#### Material for the task:
BEGIN

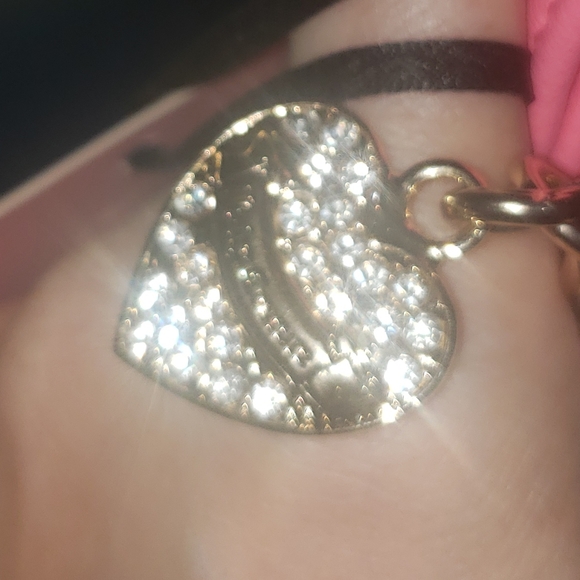 JUICY COUTURE NWT HEART WRISTLET NWT - Picture 4 of 4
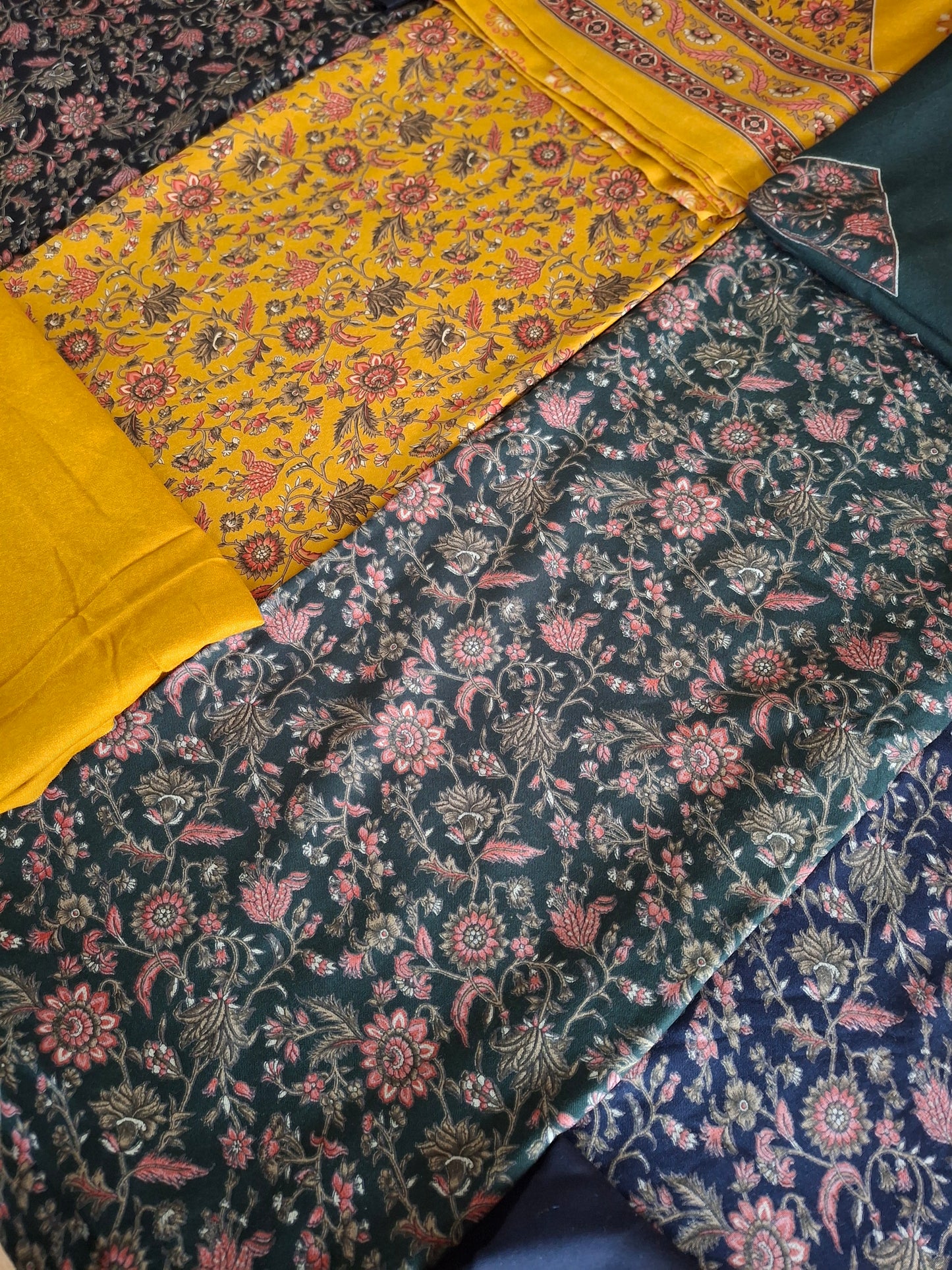 Alpiane Winter Warm Fabric Sunflower Bloom Print (3 piece suits)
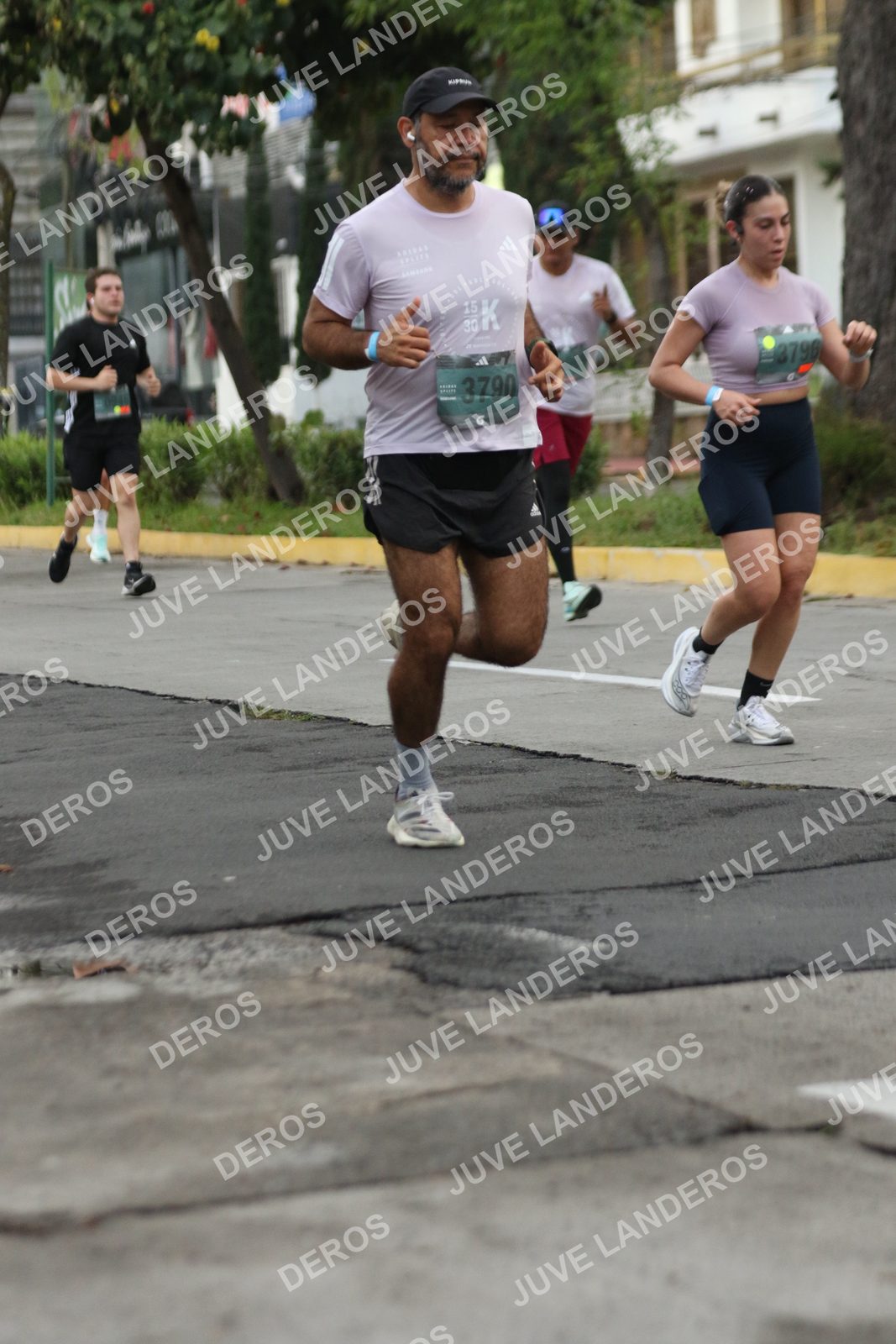 Foto de ADIDAS SPLITS GUADALAJARA 15K / 30K en Av. San Ignacio esquina Av. Ignacio L. Vallarta, Zapopan a las 06:56 · dorsal 3790, 15, 3796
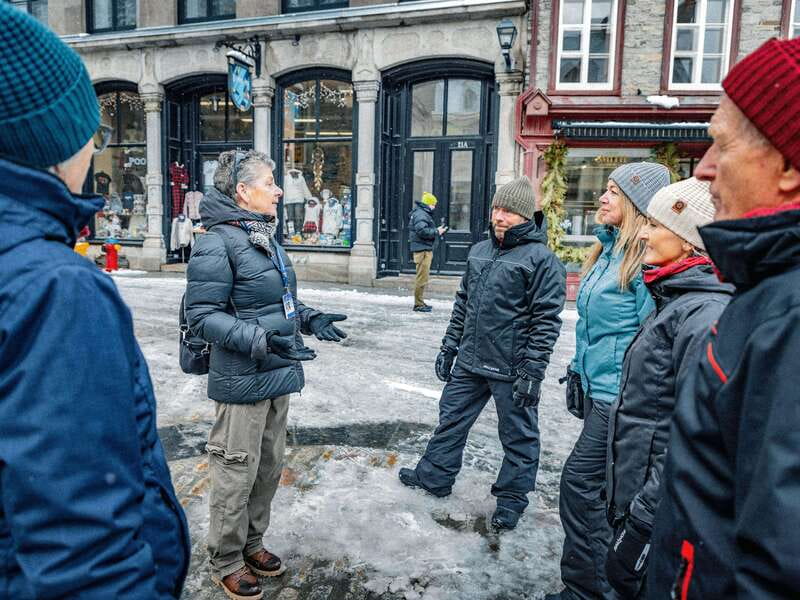 Quebec City: Old Quebec Classic Walking Tour with Funicular - How the guides shape the experience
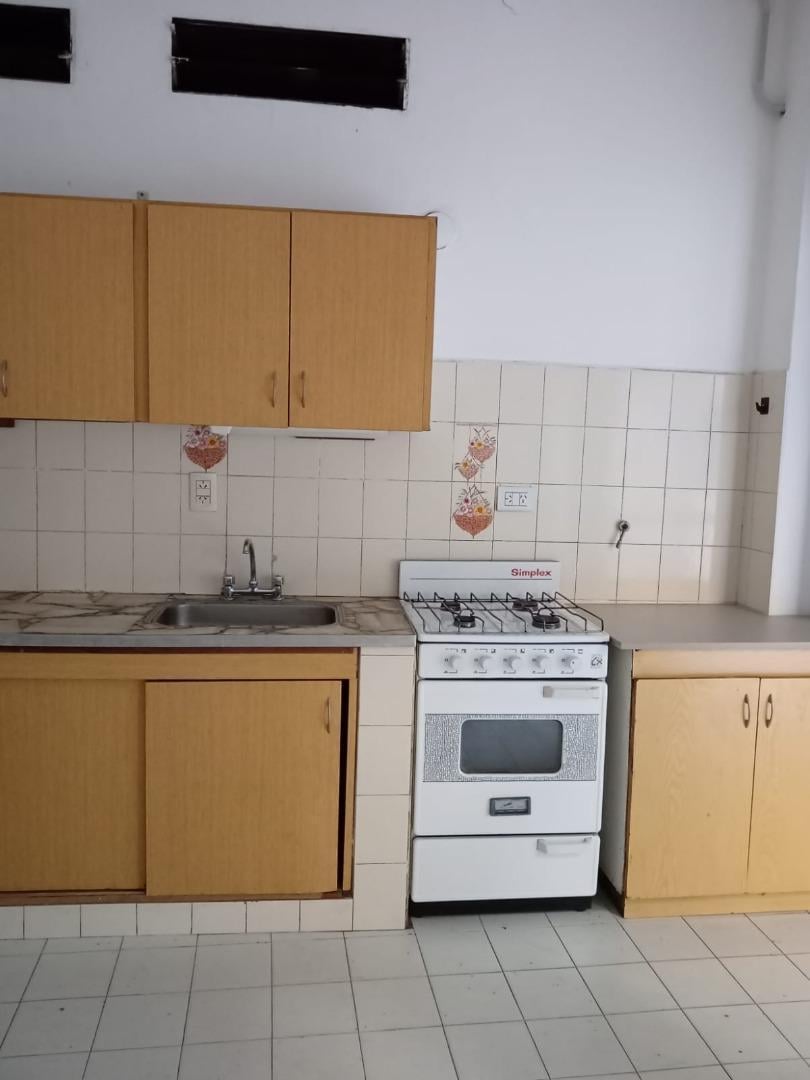 Foto de Alquiler casa de 3 amb. al frente Banfield Oeste., imagen 3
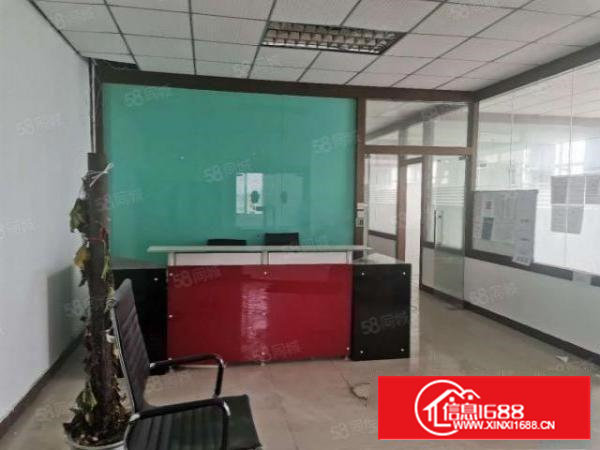 石岩料坑靠南光高速出口新出原房东实际面积1200平厂房招租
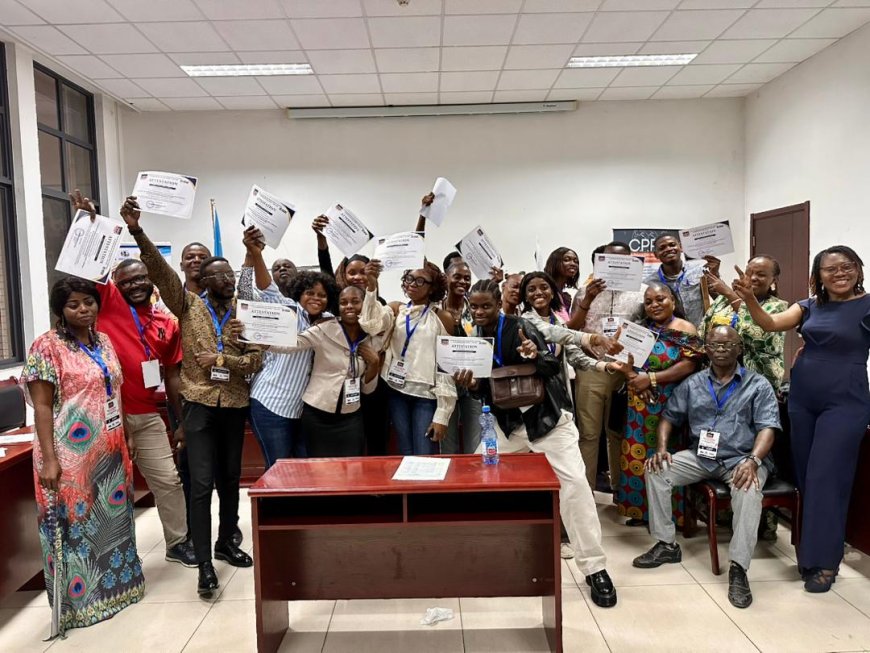 Kinshasa : des journalistes formés à une couverture inclusive de la santé sexuelle et reproductive des femmes et jeunes sourds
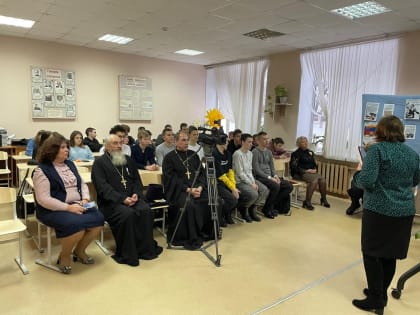 В Тейково прошел благочиннический этап Международных духовно-образовательных Рождественских чтений, которые в этом году посвящены «80-летию Великой Победы: память и духовный опыт п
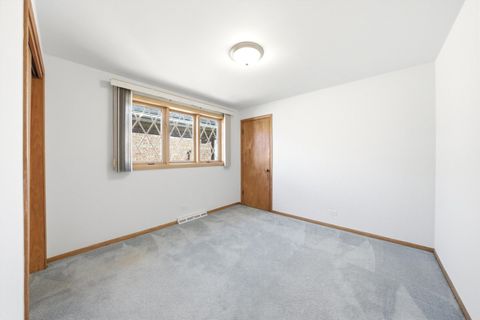 Tiny photo for 11218 S WHIPPLE Street, Chicago, IL 60655 (MLS # 12580687)
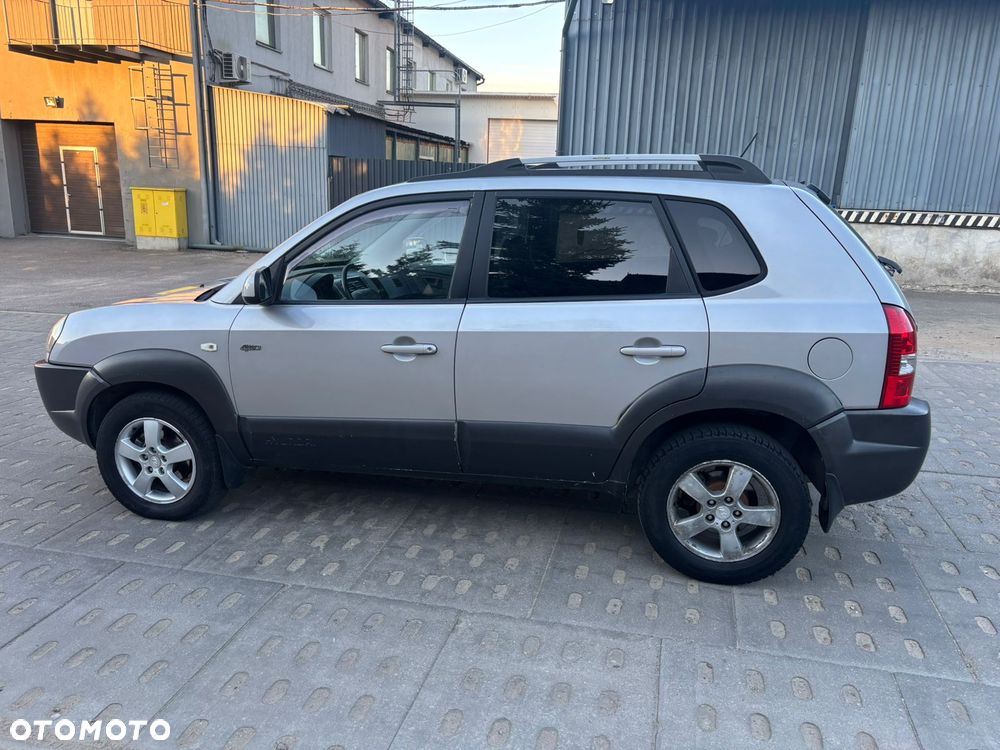 Hyundai Tucson 2.0 CRDi Premium - 4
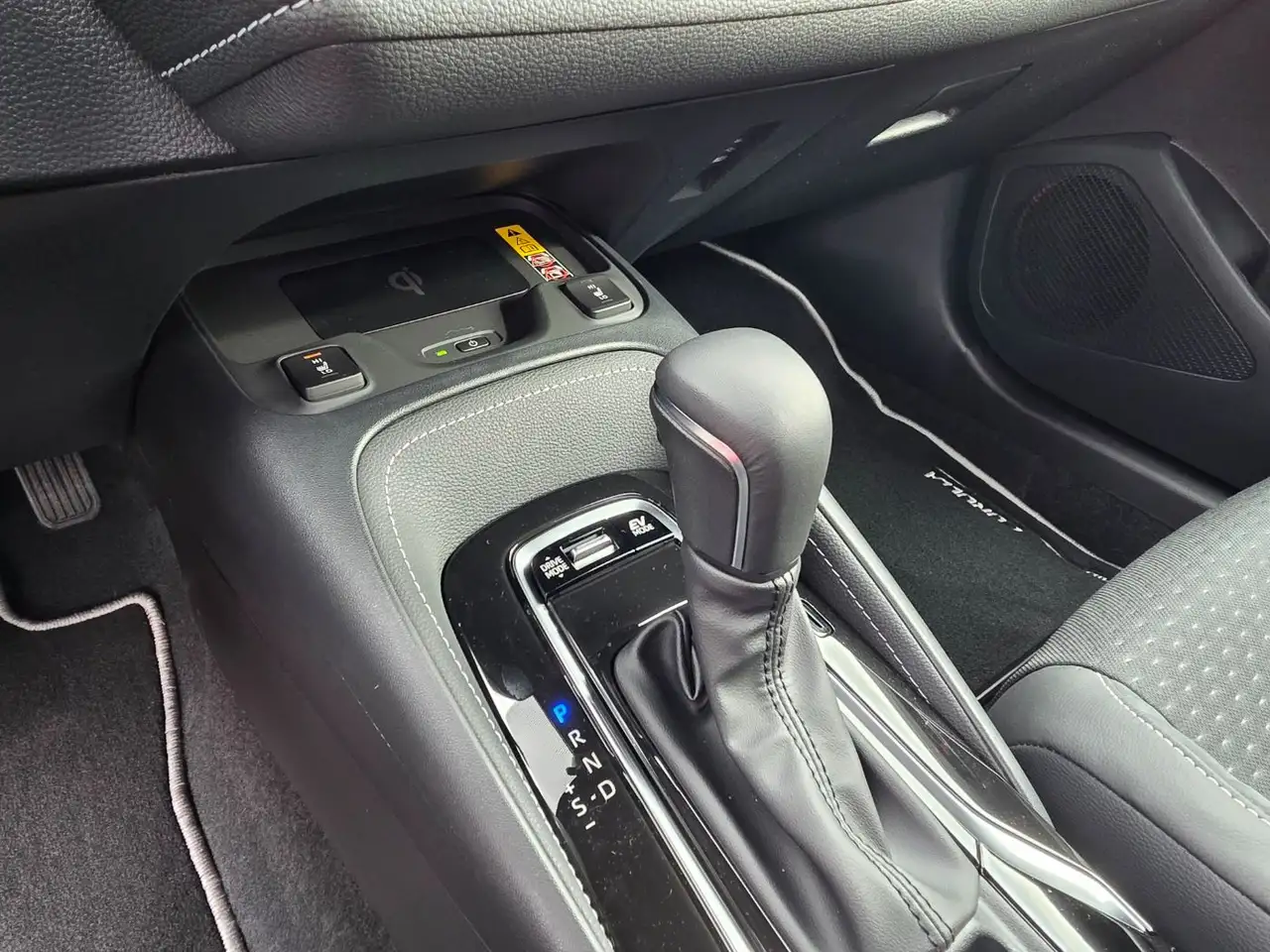 Toyota Corolla Touring Sports 2.0 Hybrid Lounge ACC Pano 16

END

#### Problem description:
Leave out all pictures and output each line exactly, from the top of the records through the line that holds "Quebec City: Old".

#### Answer area:
 JUICY COUTURE NWT HEART WRISTLET NWT - Picture 4 of 4
 Alpiane Winter Warm Fabric Sunflower Bloom Print (3 piece suits)
 Foto de ADIDAS SPLITS GUADALAJARA 15K / 30K en Av. San Ignacio esquina Av. Ignacio L. Vallarta, Zapopan a las 06:56 · dorsal 3790, 15, 3796
 Quebec City: Old Quebec Classic Walking Tour with Funicular - How the guides shape the experience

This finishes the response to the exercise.